Optionally, in addition to the removable storage medium from the outside is installed in the computer program, can also be through LAN (local area network, local   area   network) or the Internet, to wireless network will be transmitted to the computer or wired to send to the computer. Furthermore, the computer can receive a wireless transmitting or wired to the transmitted program, then the program is mounted on the in the computer in a recording medium such as hard disk.

Furthermore, not only can in order to sequence and can be in a parallel way, or according to the execution of the processing performance of the equipment is carried out independently or in the specification of a plurality of processing of the note. Furthermore, in the specification, the system is a logical group of a plurality of devices. In other words, it is not limited with a shell of the existing device.

Furthermore, the use of the signature of the public key or private key can be based on the use of the so-called RSA method or use of the so-called elliptical code (ellipticalcode) (EC-DSA) method.

As mentioned above, according to the configuration of the embodiment of the invention, the acquisition of the information recording medium includes recording the data in the content code processing program, then the implementation of security inspection processing, is contained in the content of the data conversion processing or according to the corresponding content code embedded content the apparatus information to the processing of data processing in the configuration of, and the like, as a check of the information processing equipment stored in the execution of the application to process in the information processing device or device Certificate of the Certificate type/version of device inspection processing, inspection processing of the equipment after the device is used as a recording obtained or Certificate in the Certificate type/version of the device of the equipment identifier ID, type or version ID ID, in the application processing the content code, the execution of the application of the device identifier corresponding to the content of the data processing of the code. As a result, and the application can be selected corresponding to each of the appropriate content code of the equipment.
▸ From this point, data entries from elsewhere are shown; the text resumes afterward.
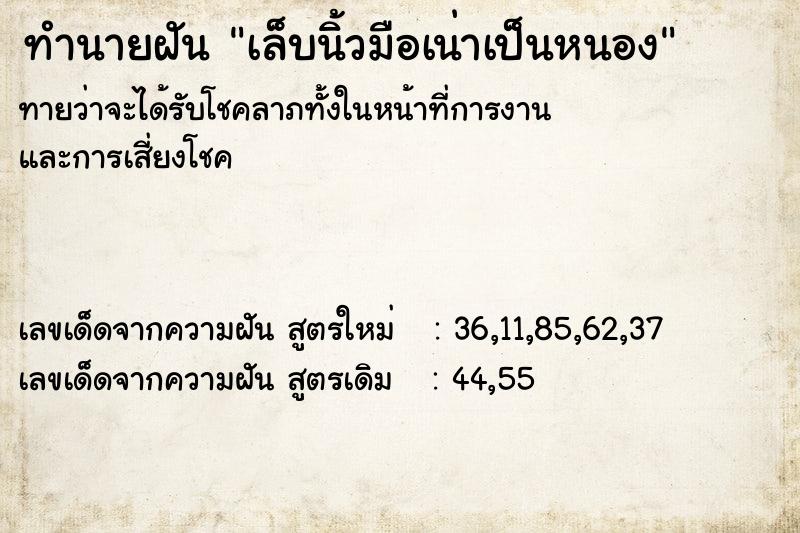 ทำนายฝันทำนายฝันเล็บนิ้วมือเน่าเป็นหนอง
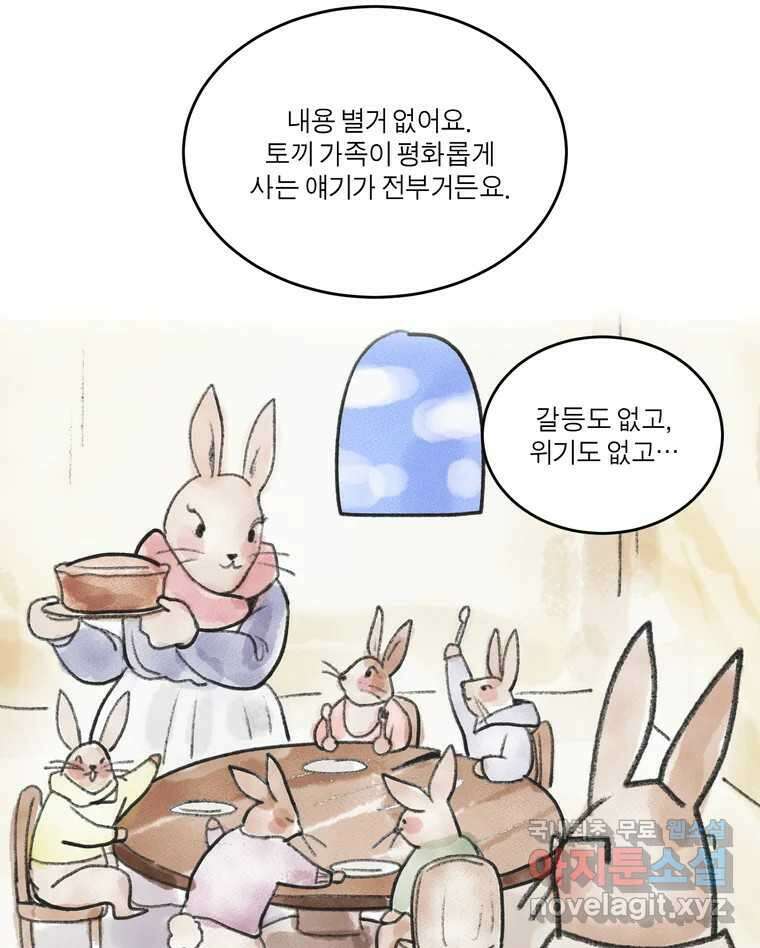 그녀의 앵무새 127화 뱁새와 황새(1) 66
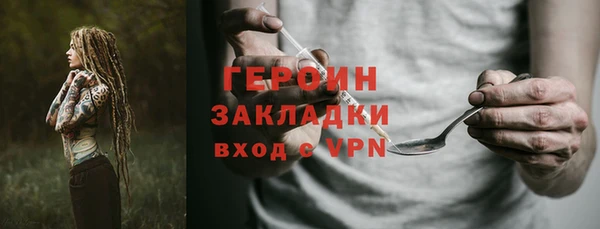 соль ск Горно-Алтайск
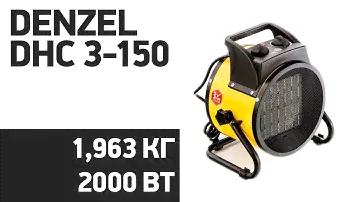 Тепловая пушка DENZEL DHC 3-150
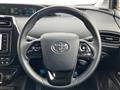 2020 Toyota Prius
In addition according to the invention another embodiment of the configuration, is at least a portion of the content code data for encryption, the key tree of the hierarchical structure, the application includes as an encryption key corresponding to the information processing apparatus as the bottom node of the relative blade be provided with the device specific key, from the vanes to the top node of the nodes on the path of the corresponding to the group key, and the top node is set corresponding to the manufacturing entity key and the device of the type and of the information processing equipment version corresponding to the model and version of the encryption key of the cipher key in any one of. Therefore, can only allow particular information processing apparatus to the content of the group code execution processing. As a result, illegal against application can be implemented which is capable of processing the configuration of the content code.

The technicians of this field should be understood, can be in the attached claim or its equivalent within the scope of the, according to the design requirements and other factors to various deformation, combined, sub-combinations and replacement.

The invention comprises 6 February 2006 in the Japanese Patent JP Japan submitted hopes especially   2006-028338 the subject of the claims, including all of its content with this by reference.